Posted in: Film Festival, Kaitlyn Booth, Movies, Review, Sundance | Tagged: Gustav Möller, sundance, sundance 2018, The Guilty
[Sundance 2018] The Guilty Review: A Game of Telephone That Doesn't Quite Connect
The Guilty might not be the most intense thriller but the frustration by the main character is easy to understand.
Director: Gustav Möller
Summary: When police officer Asger Holm (Jakob Cedergren) is demoted to desk work, he expects a sleepy beat as an emergency dispatcher. That all changes when he answers a panicked phone call from a kidnapped woman who then disconnects abruptly. Asger, confined to the police station, is forced to use others as his eyes and ears as the severity of the crime slowly becomes more clear. The search to find the missing woman and her assailant will take every bit of his intuition and skill, as a ticking clock and his own personal demons conspire against him.
There are few things worse in the world than trying to get anything done over the phone. It's a combination of feeling helpless from miles away but still being able to have a conversation with someone. There have been several movies over the years that have explored the idea of someone trying to solve a problem over the phone, and The Guilty is a new Danish entry into this genre. Asger is answering the emergency line when he gets a call from what sounds like a kidnapped woman. He can't leave the emergency line, though, and has to spend the entire movie calling people and listening to try and figure out what's going on. As time goes on you can see how frustrated and helpless he feels being forced on the sidelines.

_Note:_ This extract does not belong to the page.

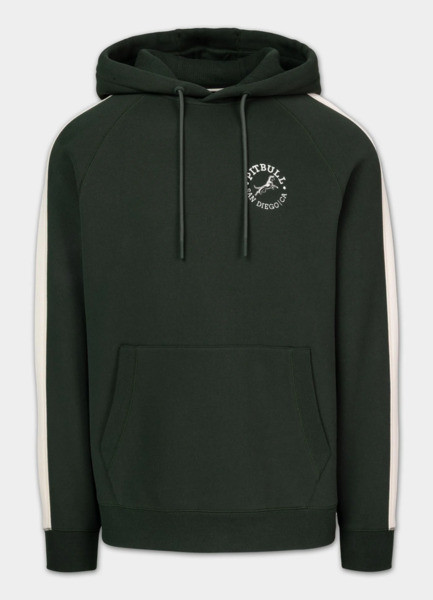 Bluza męska z kapturem PIT BULL "SAN DIEGO CA" - ciemny zielony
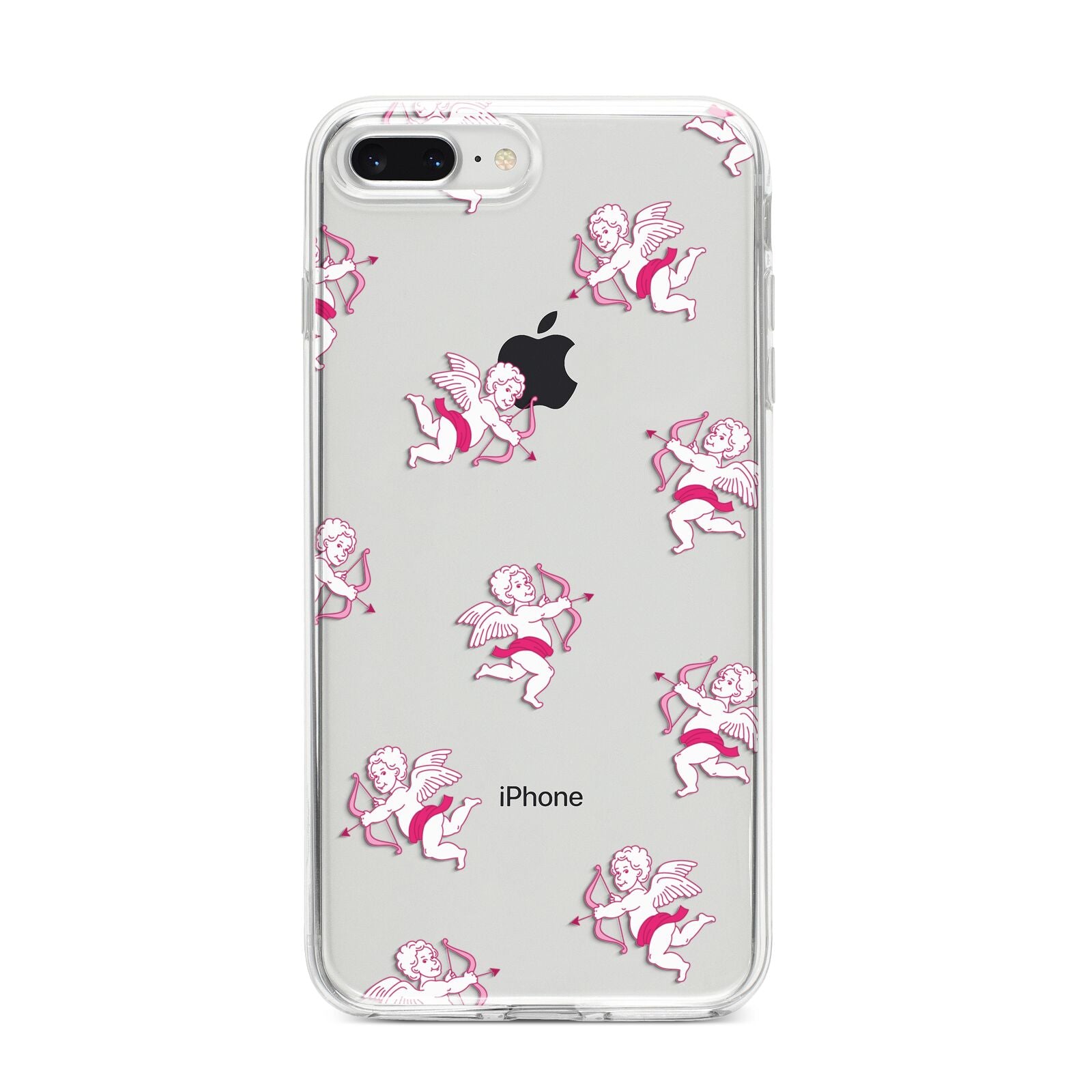 Cupid iPhone 8 Plus Bumper Case on Silver iPhone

The story that's being told in The Guilty isn't the most original in the world, but the execution still makes the movie interesting. The problem is the lack of a truly compelling story and while lead actor Jakob Cedergren turns in an admirable effort here, this material might be a little out of his depth. Being asked to carry an entire movie is a lot for any actor, and there just isn't quite enough to hang into when it comes to this one. The thing that does come through is the frustration of being on the other side of a phone line. Buried from a couple years ago tackled a similar idea but that was a little more of a B-movie, while this one feels like it's trying to make a larger point. That point, however, is muddled.
A thriller isn't ever supposed to be boring, and the lack of being able to see anything happening in front of us makes things less interesting in this movie than in Buried. In Buried we got to see escape attempts and other such things, but this movie takes place in a police station in one of the safest cities in the world. Not much can happen just because of the setting alone. That leaves all emotion to be telegraphed from the phone calls, which more or less work, and Cedergran's face. It's not enough which is a shame because the idea is interesting enough the execution is just not good enough.
The Guilty works better as an experiment than a full movie. There just isn't enough going on that's interesting to keep the audience engaged. When you have one actor in one location everything else needs to be turned up to eleven and this one is right in the middle.